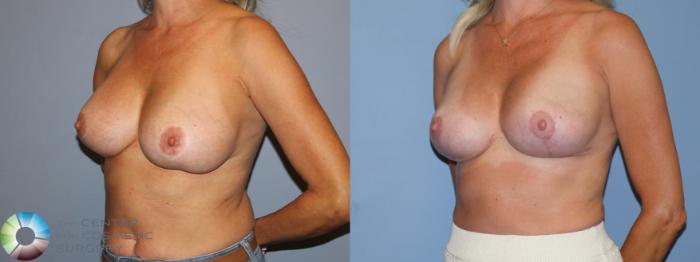 Before & After Breast Implant Revision Case 12171 Left Oblique in Denver and Colorado Springs, CO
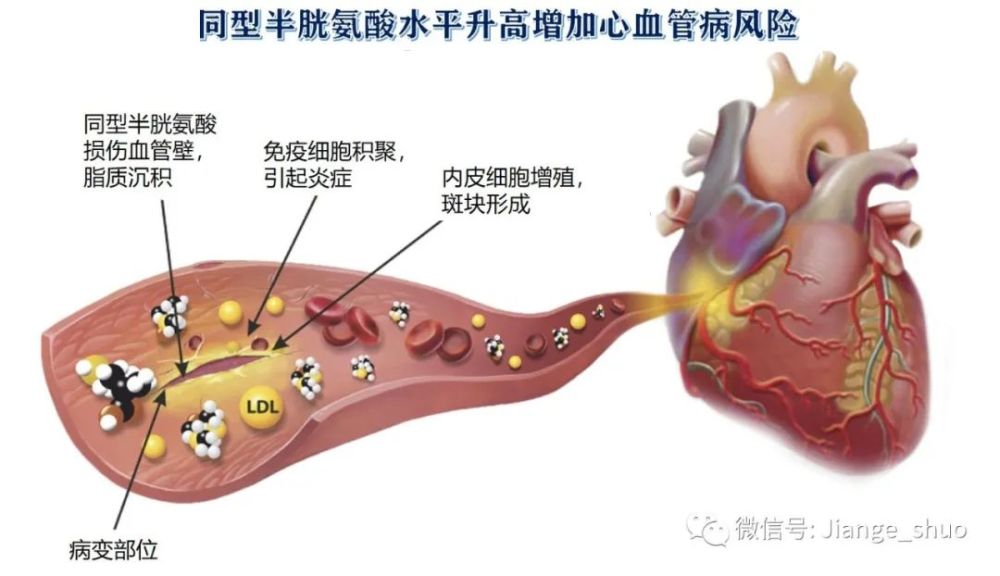 健哥說心臟有聲版|高血壓加個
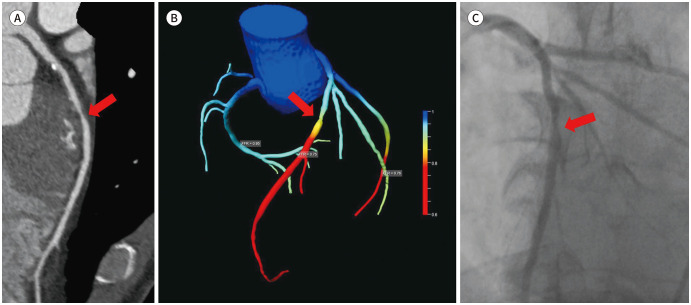 [Beyond Coronary CT Angiography: CT Fractional Flow Reserve and Perfusion].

· · ·

Work task → What is needed is a word-for-word copy of the data above, free of any images.

Response for this exercise →
 Before & After Breast Implant Revision Case 12171 Left Oblique in Denver and Colorado Springs, CO
 健哥說心臟有聲版|高血壓加個
 [Beyond Coronary CT Angiography: CT Fractional Flow Reserve and Perfusion].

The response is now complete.